Sami, a friend of one of the families, sat down in front of the campfire next to me as I held my youngest son on my lap. We started conversing and I learned that Sami, a young Syrian, had left his country just before the war began five years ago. Ever since, he has been working in our host country—a peaceful Arab nation in the region—setting aside as much as he could to prepare to get married.
I asked Sami about his family, if they were still in Syria. He told me his mother died from health complications many years ago. Then, three years ago, his father was killed by Assad’s army. That makes him a 27-year-old orphan. Sami hadn’t seen his father for many years when he had been killed.
It was too much for me—his pain and loss. I started to cry.
Sami then told me about his sister, Aisha, and her family. Her children had been at school when it was bombed. They saw classmates die and their teacher maimed.
A year ago, Aisha’s husband was inexplicably arrested and taken to jail. With the country disintegrating into chaos, Aisha and her children were more vulnerable than ever, their husband and father behind bars.
Sami decided to use all his savings—all he had set aside in hopes of getting married and starting a family—to bring Aisha’s family out of the Syrian war-zone.

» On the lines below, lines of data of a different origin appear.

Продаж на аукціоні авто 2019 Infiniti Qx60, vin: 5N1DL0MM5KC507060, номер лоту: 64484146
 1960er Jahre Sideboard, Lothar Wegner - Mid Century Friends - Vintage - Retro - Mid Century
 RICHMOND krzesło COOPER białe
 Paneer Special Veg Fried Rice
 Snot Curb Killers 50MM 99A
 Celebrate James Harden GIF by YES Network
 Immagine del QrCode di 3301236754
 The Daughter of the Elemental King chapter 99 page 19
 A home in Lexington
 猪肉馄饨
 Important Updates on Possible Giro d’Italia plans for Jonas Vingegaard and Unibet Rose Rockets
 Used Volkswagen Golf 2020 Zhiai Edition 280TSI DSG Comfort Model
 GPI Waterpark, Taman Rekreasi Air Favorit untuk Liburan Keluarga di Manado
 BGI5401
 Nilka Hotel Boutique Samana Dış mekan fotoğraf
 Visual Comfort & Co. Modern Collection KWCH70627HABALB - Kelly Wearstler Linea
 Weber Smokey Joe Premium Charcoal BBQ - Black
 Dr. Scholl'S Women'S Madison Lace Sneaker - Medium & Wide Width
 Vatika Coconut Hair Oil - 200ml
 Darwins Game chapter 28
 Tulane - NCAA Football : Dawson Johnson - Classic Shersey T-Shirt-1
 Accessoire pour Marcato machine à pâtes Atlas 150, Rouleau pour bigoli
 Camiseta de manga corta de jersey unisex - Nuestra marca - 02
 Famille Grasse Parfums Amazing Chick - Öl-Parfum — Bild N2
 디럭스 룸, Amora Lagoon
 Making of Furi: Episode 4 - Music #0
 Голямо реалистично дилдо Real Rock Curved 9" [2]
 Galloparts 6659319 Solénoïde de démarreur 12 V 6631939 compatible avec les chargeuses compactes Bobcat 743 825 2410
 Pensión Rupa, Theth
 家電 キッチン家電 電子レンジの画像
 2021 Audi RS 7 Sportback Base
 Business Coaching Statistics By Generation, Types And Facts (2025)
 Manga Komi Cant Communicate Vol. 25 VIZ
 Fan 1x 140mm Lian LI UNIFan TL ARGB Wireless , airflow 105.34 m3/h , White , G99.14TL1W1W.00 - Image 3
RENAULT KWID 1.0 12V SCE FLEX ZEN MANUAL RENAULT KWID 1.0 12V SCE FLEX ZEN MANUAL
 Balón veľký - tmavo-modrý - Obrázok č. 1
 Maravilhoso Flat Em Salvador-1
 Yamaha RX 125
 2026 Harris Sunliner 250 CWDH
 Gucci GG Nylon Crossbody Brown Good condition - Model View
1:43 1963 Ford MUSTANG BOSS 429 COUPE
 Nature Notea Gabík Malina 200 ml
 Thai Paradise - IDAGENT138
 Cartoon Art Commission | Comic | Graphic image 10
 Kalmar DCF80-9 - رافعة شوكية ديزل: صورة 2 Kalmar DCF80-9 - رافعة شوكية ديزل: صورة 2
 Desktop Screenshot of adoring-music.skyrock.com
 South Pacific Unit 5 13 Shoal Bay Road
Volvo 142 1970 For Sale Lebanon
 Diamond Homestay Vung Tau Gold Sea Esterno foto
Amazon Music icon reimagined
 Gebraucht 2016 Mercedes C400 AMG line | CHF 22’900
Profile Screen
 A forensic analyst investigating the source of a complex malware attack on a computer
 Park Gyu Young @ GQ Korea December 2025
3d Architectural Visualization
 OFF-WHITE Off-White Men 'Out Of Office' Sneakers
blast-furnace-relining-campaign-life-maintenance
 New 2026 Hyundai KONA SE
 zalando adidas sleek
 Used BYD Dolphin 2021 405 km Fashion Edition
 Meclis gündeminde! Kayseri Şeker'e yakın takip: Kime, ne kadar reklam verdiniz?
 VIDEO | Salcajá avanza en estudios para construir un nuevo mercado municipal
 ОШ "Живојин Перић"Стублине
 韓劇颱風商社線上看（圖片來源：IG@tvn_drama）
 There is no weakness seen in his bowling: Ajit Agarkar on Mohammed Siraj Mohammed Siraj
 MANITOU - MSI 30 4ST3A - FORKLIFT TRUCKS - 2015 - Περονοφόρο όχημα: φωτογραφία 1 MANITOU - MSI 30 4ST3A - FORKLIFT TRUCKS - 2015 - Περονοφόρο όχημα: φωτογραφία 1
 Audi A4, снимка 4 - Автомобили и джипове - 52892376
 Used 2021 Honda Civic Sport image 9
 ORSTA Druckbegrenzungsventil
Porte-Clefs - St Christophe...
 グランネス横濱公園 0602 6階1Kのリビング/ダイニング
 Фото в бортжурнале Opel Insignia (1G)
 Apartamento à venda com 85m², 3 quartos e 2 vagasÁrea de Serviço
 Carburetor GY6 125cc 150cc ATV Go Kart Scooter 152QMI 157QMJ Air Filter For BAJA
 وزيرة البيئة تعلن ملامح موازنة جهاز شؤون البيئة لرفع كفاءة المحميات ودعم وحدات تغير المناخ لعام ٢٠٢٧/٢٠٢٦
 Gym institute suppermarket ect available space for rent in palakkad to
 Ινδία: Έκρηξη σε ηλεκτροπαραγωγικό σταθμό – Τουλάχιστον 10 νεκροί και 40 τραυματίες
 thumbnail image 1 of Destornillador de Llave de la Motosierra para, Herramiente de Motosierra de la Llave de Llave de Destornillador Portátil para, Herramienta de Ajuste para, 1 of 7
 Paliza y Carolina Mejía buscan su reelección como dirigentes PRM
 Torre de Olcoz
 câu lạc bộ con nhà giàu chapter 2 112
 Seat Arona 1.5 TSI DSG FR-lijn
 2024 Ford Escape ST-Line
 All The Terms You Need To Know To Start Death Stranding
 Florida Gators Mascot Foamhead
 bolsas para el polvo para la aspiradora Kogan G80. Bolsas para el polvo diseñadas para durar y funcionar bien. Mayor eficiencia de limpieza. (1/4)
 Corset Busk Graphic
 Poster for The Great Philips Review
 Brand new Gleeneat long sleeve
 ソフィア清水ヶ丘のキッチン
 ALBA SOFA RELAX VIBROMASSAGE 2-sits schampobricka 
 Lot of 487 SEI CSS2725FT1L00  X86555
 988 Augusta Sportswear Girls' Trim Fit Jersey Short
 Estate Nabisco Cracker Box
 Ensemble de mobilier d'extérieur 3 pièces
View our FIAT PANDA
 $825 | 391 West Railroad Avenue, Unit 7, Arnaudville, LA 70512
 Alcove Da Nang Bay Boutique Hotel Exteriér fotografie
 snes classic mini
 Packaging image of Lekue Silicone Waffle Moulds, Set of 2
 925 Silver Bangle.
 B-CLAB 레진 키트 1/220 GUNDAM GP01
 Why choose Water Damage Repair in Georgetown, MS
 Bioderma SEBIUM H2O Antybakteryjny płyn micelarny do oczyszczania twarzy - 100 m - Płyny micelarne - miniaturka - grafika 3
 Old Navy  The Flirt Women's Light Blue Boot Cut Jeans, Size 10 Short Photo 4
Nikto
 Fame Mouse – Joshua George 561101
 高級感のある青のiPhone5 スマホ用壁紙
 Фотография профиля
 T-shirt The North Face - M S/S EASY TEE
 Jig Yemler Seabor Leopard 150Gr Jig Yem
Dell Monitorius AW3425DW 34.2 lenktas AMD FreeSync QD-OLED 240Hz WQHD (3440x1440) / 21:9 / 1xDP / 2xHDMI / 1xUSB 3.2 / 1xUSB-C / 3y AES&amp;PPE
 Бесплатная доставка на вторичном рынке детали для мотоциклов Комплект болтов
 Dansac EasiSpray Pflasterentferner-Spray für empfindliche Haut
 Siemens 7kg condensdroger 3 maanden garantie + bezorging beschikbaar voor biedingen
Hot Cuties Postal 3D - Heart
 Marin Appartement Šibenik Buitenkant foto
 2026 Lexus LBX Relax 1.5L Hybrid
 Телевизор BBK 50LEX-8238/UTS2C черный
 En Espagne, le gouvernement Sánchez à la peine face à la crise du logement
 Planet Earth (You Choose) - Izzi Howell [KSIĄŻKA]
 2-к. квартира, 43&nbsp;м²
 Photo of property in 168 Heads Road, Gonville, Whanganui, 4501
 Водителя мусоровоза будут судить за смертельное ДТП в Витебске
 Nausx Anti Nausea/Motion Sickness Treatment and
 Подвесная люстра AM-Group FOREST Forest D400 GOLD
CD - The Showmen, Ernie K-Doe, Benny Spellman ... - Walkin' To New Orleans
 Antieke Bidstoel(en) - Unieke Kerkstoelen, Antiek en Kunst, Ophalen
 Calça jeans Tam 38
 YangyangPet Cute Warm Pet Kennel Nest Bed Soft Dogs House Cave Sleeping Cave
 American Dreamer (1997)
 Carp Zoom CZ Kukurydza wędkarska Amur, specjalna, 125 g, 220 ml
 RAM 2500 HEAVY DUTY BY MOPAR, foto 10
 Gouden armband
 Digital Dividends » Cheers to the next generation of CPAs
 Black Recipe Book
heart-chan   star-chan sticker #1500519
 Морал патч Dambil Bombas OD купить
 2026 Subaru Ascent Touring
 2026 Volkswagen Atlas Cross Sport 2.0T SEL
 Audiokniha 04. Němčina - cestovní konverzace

He sold his future and bought the lives of his sister and her children, bringing them to live with him in his two-room apartment.
My heart ached as I listened to Sami talk. I wanted to rush to the family’s aid and help them with food and money. But I know they wouldn’t accept it. They were not poor people in Syria, and they would refuse to accept handouts.
Several days after our campout, I went to Sami’s two-room apartment to meet his sister. Knowing she had been trained as a stylist, I paid her to give haircuts to my daughters and me. Then we drank coffee and smiled and chatted.
Aisha smiled so much for someone who has lost so much. She smiled so much. And her children—they all smiled so much.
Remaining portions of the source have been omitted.